The deletion mutants and complemented strains were generated as previously described [11]. Briefly, the upstream and downstream sequences (about 1.5 kb) of each targeted gene were amplified with primers 5 F/5R and 3 F/3R, respectively (Table S1) [17]. The two amplified segments were fused to an hph cassette to generate a deletion construct, which was transformed into protoplasts of C. scovillei KC05, as previously described [18]. For the generation of complemented strains, genomic copies of the targeted gene were transformed with the geneticin-resistant cassette G418 to the protoplasts of deletion mutant. The deletion mutants and complemented strains were selected through rounds of screening polymerase chain reaction (PCR) [13,17], then further confirmed through Southern blotting and reverse-transcription (RT)-PCR, respectively.

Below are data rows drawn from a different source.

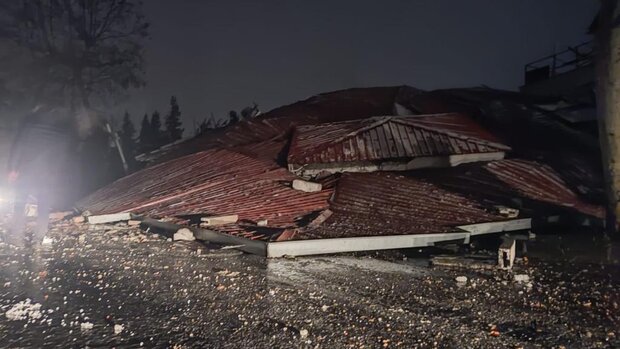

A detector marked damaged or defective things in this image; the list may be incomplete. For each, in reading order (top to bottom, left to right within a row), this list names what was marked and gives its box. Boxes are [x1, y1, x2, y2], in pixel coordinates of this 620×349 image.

earthquake damage [64, 85, 604, 260]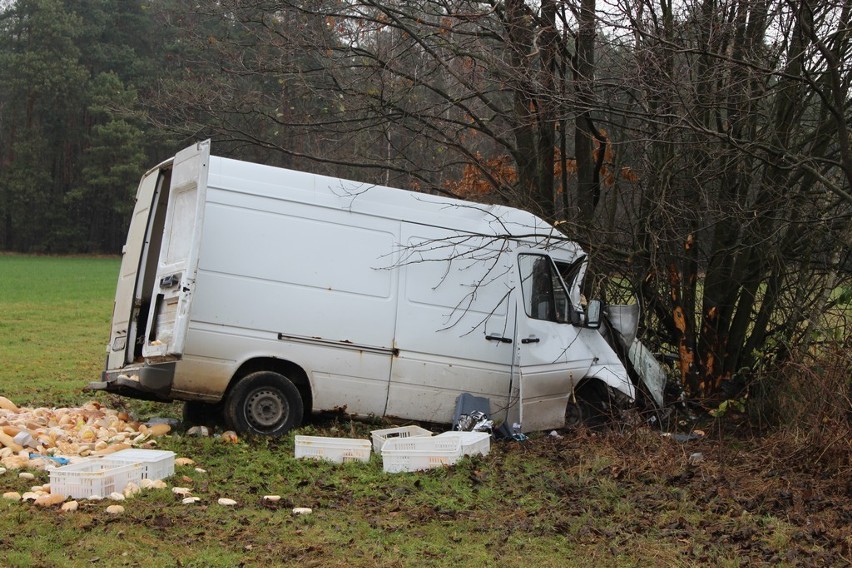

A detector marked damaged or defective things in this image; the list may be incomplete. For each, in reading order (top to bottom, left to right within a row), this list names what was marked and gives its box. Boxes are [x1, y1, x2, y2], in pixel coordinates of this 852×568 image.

damaged front bumper [85, 362, 176, 402]
crashed white van [88, 141, 632, 434]
dented vehicle panel [90, 141, 636, 434]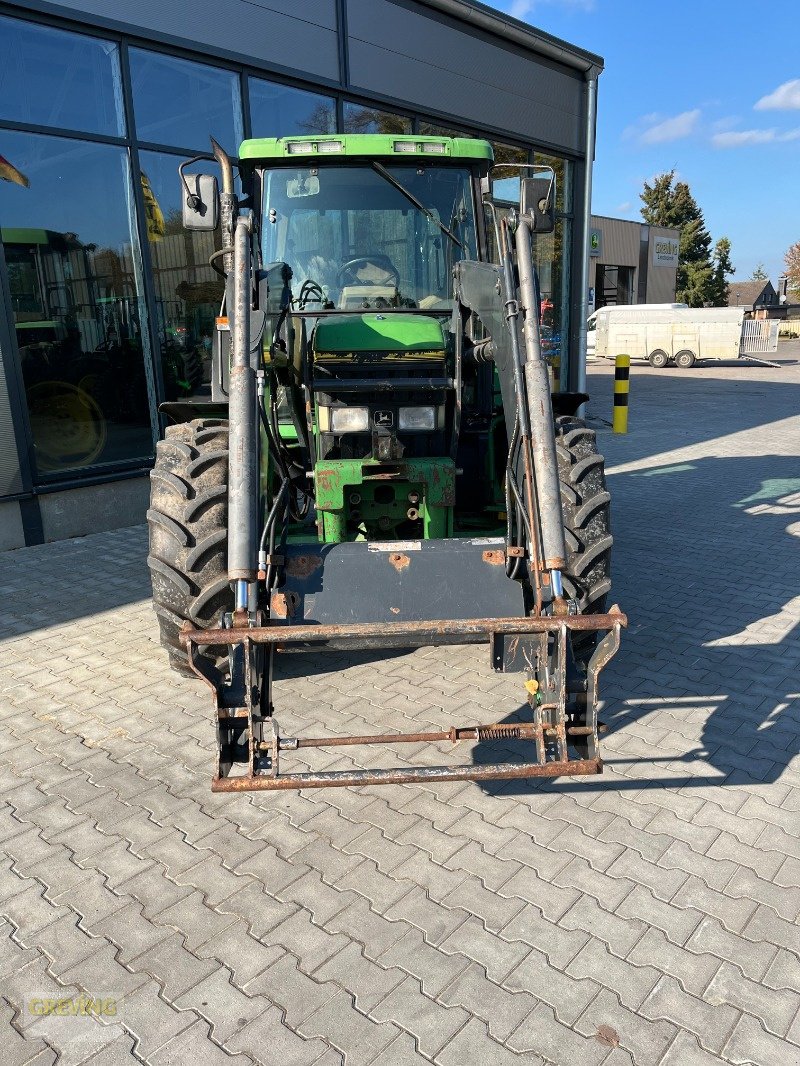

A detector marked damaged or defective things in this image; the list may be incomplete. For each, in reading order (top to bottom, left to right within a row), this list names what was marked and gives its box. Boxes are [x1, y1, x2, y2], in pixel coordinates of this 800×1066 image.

rusty metal frame [181, 608, 624, 788]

2.4. Southern blotting and RT-PCR

The Southern blotting and RT-PCR were performed according to previously reported methods. Briefly, the probe DNA (about 500 bp in length) of Southern blotting was labeled with Biotin-High Prime (Roche, Indianapolis, IN, United States) to detect the restriction enzymes-digested genomic DNA in a nylon hybridization membrane [11]. The SuperScript® III First-strand Synthesis System (Invitrogen, Grand Island, NY, United States) was applied to synthesize the first-strand complementary DNA (cDNA) from total RNA (5 μg), extracted using the Easy-Spin™ Total RNA Extraction Kit (iNtRON Biotechnology, Seongnam, South Korea).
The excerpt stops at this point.